[gem5-dev] Change in gem5/gem5[master]: cpu: Add non-faulting load support to Minor and O3

Gabor Dozsa (Gerrit) Thu, 28 Feb 2019 06:28:53 -0800

Gabor Dozsa has uploaded this change for review. (https://gem5-review.googlesource.com/c/public/gem5/+/16869


Change subject: cpu: Add non-faulting load support to Minor and O3
......................................................................

cpu: Add non-faulting load support to Minor and O3

Some architecture allows non-faulting memory loads
in some specific circumstances (e.g. first-faulting
and non-faulting loads of ARM SVE).
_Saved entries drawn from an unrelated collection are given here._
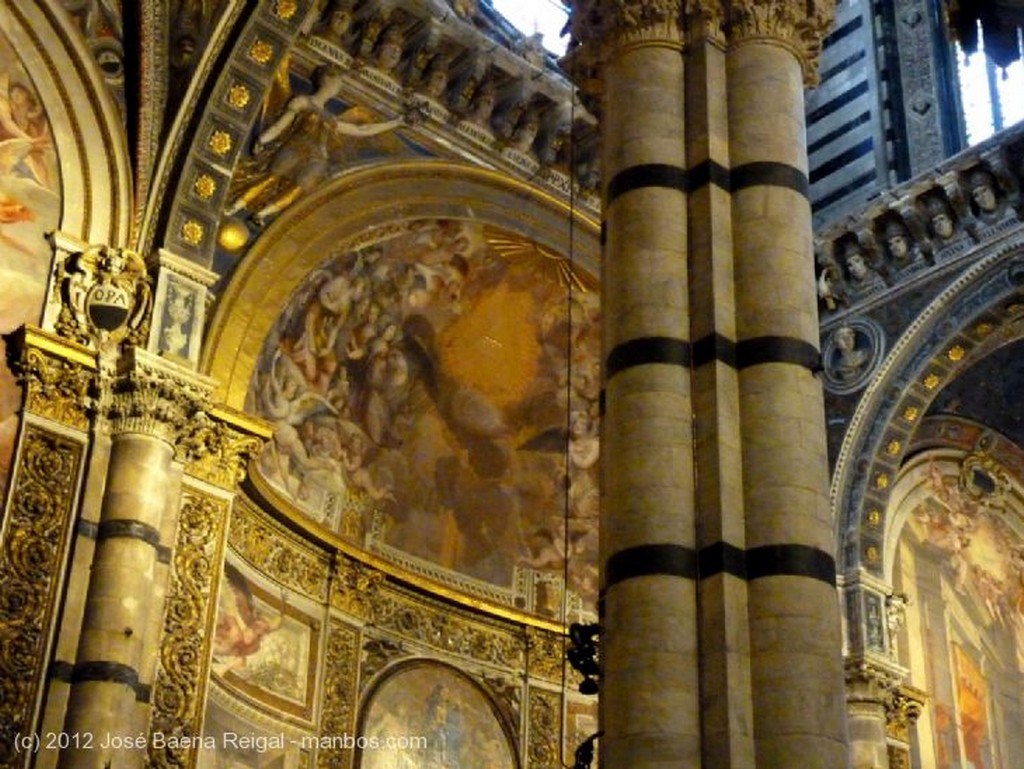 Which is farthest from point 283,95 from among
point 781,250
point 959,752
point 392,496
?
point 959,752

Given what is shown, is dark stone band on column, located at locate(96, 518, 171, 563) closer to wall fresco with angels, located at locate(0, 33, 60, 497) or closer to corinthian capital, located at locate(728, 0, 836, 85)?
wall fresco with angels, located at locate(0, 33, 60, 497)

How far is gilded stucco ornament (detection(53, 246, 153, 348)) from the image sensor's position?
35.8ft

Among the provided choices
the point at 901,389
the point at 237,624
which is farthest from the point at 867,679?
the point at 237,624

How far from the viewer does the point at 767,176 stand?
8.38 m

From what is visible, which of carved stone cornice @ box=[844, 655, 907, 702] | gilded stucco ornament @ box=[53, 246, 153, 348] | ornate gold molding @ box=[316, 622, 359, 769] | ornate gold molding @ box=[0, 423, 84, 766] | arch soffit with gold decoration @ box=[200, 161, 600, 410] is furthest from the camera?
carved stone cornice @ box=[844, 655, 907, 702]

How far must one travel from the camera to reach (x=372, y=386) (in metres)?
14.6

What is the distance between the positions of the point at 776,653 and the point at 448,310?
8176 mm

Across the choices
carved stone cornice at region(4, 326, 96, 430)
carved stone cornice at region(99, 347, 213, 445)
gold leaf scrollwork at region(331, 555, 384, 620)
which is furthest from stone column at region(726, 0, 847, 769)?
gold leaf scrollwork at region(331, 555, 384, 620)

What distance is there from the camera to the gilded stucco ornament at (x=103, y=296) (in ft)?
35.8

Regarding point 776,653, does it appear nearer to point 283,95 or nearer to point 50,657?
point 50,657

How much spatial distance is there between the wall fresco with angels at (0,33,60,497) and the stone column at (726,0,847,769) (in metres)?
4.82

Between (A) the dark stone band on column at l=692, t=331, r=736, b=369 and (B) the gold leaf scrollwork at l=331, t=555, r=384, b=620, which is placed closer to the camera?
(A) the dark stone band on column at l=692, t=331, r=736, b=369

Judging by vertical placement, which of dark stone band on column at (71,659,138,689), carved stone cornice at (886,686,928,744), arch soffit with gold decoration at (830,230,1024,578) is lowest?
dark stone band on column at (71,659,138,689)

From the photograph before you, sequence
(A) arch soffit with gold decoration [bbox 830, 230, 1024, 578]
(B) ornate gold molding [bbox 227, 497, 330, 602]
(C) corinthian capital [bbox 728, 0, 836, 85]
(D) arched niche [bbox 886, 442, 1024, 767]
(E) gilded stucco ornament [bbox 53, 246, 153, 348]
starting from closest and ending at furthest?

This patch
adds support for such loads in the Minor and O3
CPU models.

Change-Id: Id5f6f0ee62b1d94d2dad8103ebfa6693967395a3
Signed-off-by: Gabor Dozsa <[email protected]>
---
M src/cpu/minor/dyn_inst.cc
M src/cpu/minor/dyn_inst.hh
M src/cpu/minor/exec_context.hh
M src/cpu/minor/execute.cc
M src/cpu/minor/lsq.cc
M src/cpu/minor/lsq.hh
M src/cpu/o3/lsq.hh
M src/cpu/o3/lsq_impl.hh
M src/cpu/o3/lsq_unit_impl.hh
9 files changed, 218 insertions(+), 98 deletions(-)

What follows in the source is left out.